(Short text fragments from websites)

- Opening Delimiter -

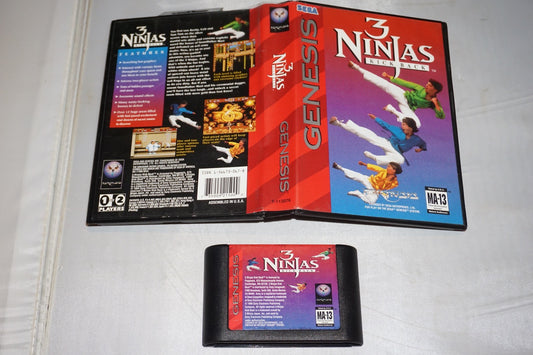 3 Ninjas Kick Back (Sega Genesis) with Case No Manual
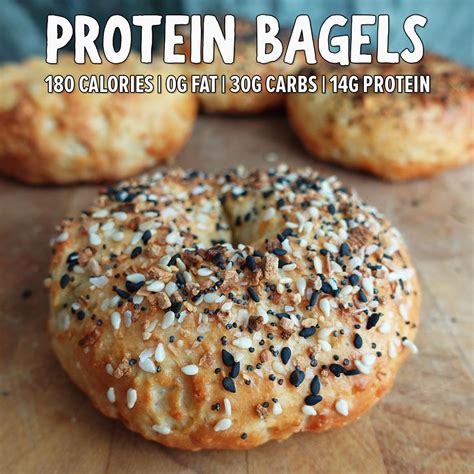 Quick And Easy Protein Bagels With 14g Protein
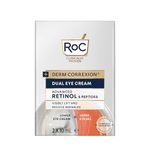 RoC Derm Correxion Dual Eye Cream with Advanced Retinol + Peptides for Puffy Eyes and Dark Circles 2 x 10mL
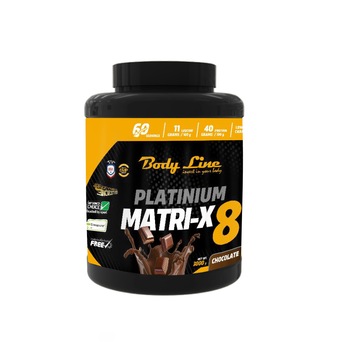 Proteine masa musculara rapida - Platinium Matri-X 8, 3.0 Kg, ciocolata Proteine masa musculara rapida - Platinium Matri-X 8, 3.0 Kg, ciocolata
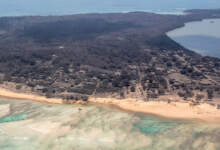 Photo of Imágenes aéreas muestran la devastación tras el tsunami en Tonga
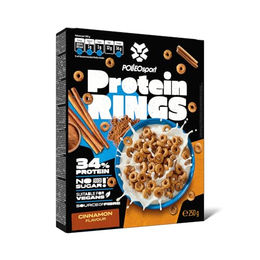 Polleo Sport Protein Rings Zimt – Veganer Protein-Snack ohne Zuckerzusatz – Glutenfrei – Bild 1 von 2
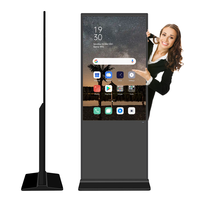 Señalización Digital Ultrafina para Centros Comerciales, 43/49 Pulgadas, Sistema Dual Android/Windows, CMS Integrado, Publicación de Videos/Imágenes, en Oferta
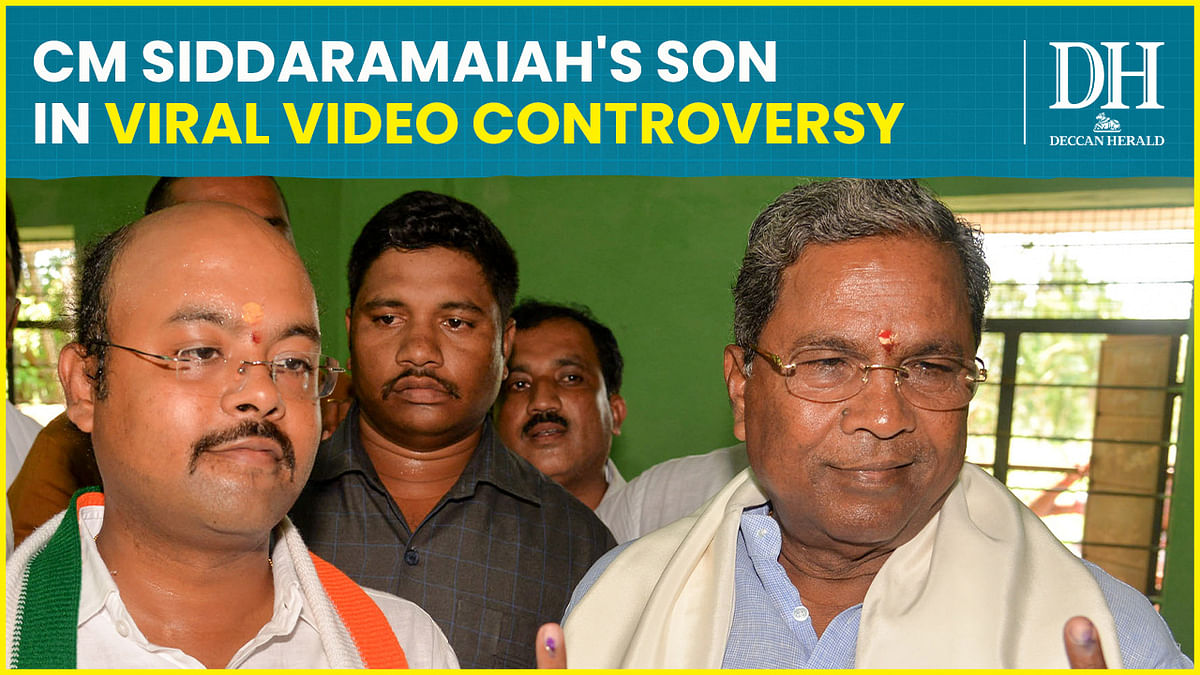 Viral video lands Karnataka CM Siddaramaiah's son in controversy | JD(S), BJP allege 'corruption'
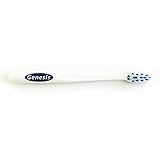 Genesis 2-in-1 Tooth Brush and Tongue Scraper Brush, by Dr. Bob Wagstaff Inventor of Orabrush. Revolutionary Bristle Design Cleans Between Teeth, Below Gumline & Crevices of Tongue (Single Pack)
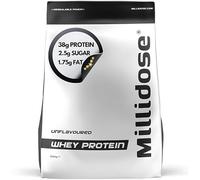 Millidose 1kg unflavoured Protein Powder - unflavoured whey Protein Powder Perfect for a high Protein Shake or Snack - whey Nutrition for Building Muscle - 38g of Protein per Serving
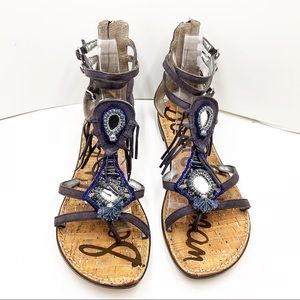 {Sam Edelman} Genesee Embellished Gladiator Sandals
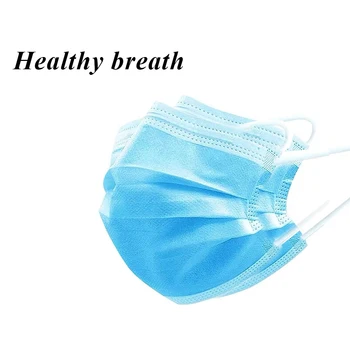 

50Pcs Lash Makeup Tool Masks 3 Layers Disposable Protective Face Mouth Mask Prevent Anti Dust Bacteria Safe Mask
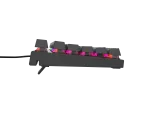 KLAWIATURA DLA GRACZY GENESIS THOR 303 TKL US PODŚWIETLENIE RGB MECHANICZNA BROWN CZARNA HOT SWAP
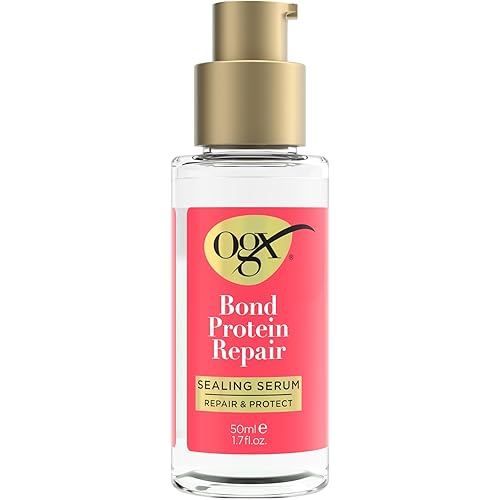 OGX Repair & Protect Bond Protein Repair Sealing Hair Serum, Formulated without Parabens, Frizz Treatment, 1.7 fl. oz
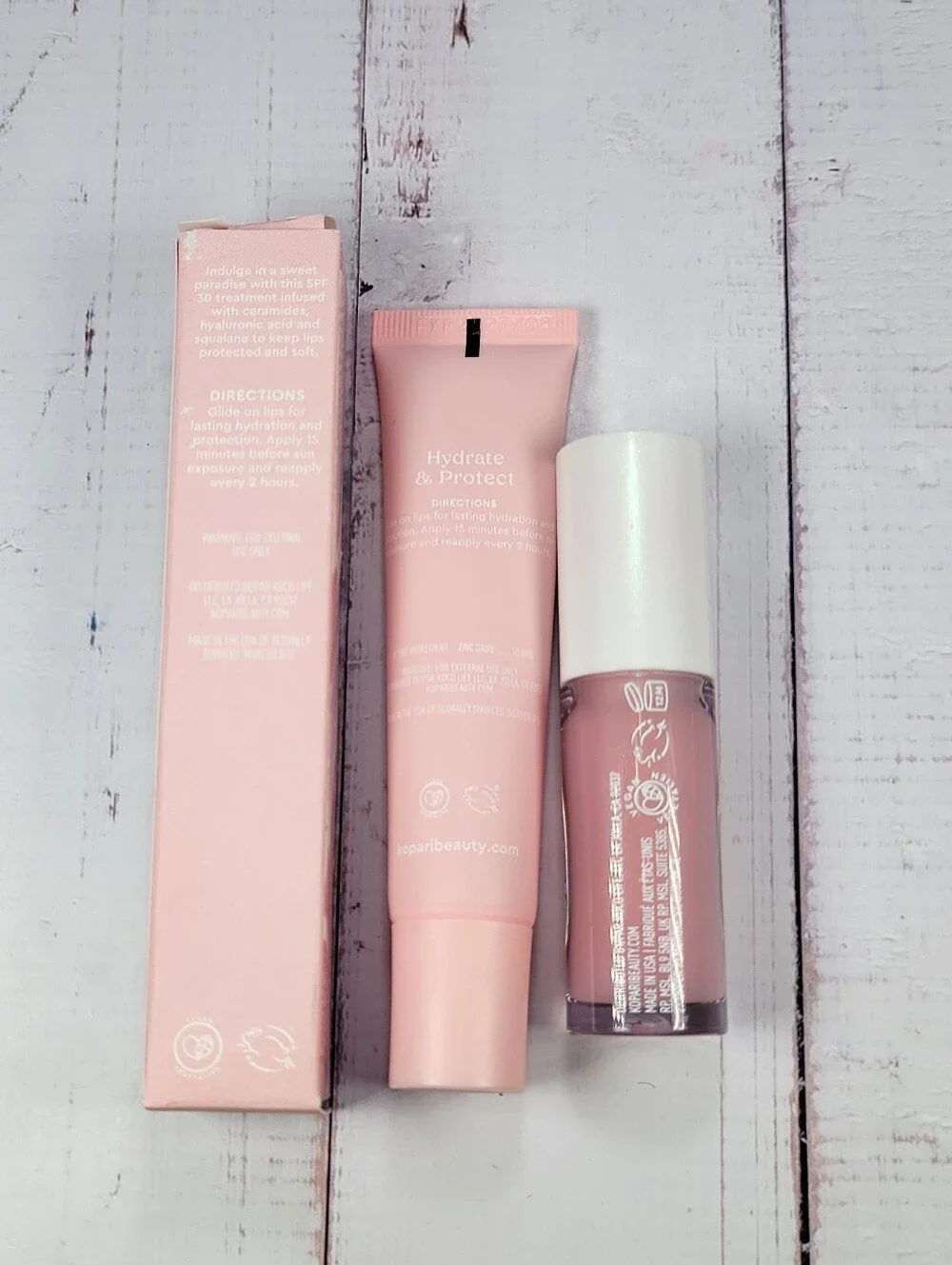 Kopari Lip Love Lip Balm & Tri-Peptide Lip Cloud Bundle NEW!
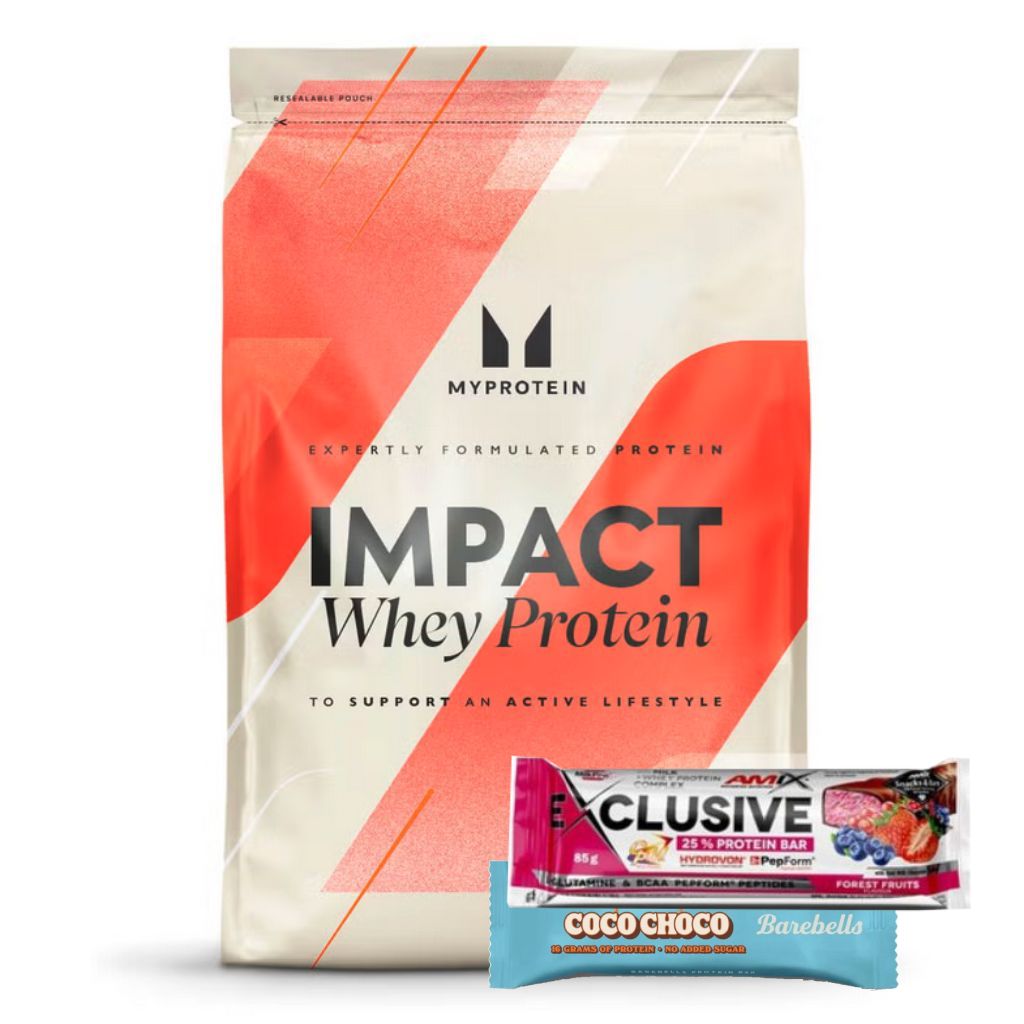 MyProtein Impact Whey Protein 2500 g + BCAA 250 g Příchuť: Jahoda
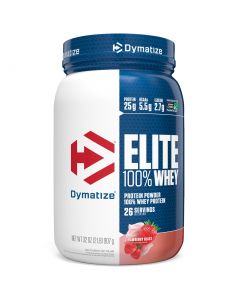 Buy Dymatize Elite Whey Protein 2lb (907 g) - Strawberry Explosion | Online Pharmacy | https://pharm-pills.com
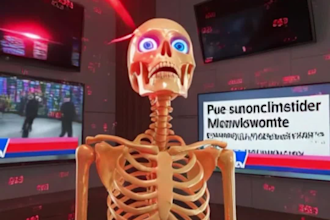create viral dr data style ai skeleton storytelling animation shorts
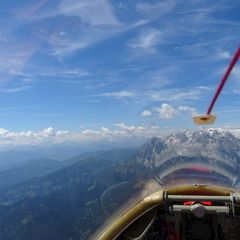 Flugwegposition um 09:54:00: Aufgenommen in der Nähe von Gemeinde Pfarrwerfen, Pfarrwerfen, Österreich in 2372 Meter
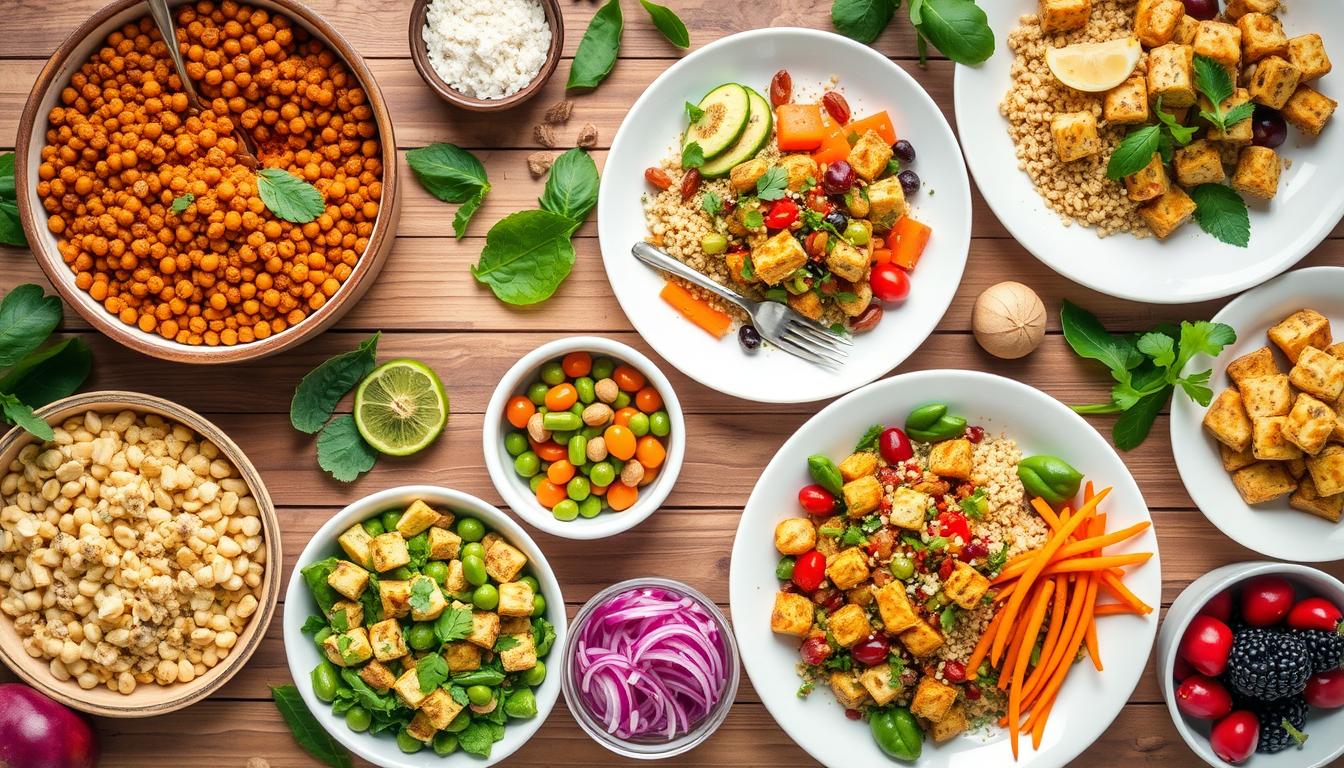 vegan diet plan high protein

- Closing Delimiter -

Try it:
Starting with the first line of the data above, write out each line exactly up to and including the line that holds "Señalización Digital Ultrafina". Pictures stay out.

Answer to the problem:
 3 Ninjas Kick Back (Sega Genesis) with Case No Manual
 Quick And Easy Protein Bagels With 14g Protein
 RoC Derm Correxion Dual Eye Cream with Advanced Retinol + Peptides for Puffy Eyes and Dark Circles 2 x 10mL
 Proteine masa musculara rapida - Platinium Matri-X 8, 3.0 Kg, ciocolata Proteine masa musculara rapida - Platinium Matri-X 8, 3.0 Kg, ciocolata
 Photo of Imágenes aéreas muestran la devastación tras el tsunami en Tonga
 Polleo Sport Protein Rings Zimt – Veganer Protein-Snack ohne Zuckerzusatz – Glutenfrei – Bild 1 von 2
 Señalización Digital Ultrafina para Centros Comerciales, 43/49 Pulgadas, Sistema Dual Android/Windows, CMS Integrado, Publicación de Videos/Imágenes, en Oferta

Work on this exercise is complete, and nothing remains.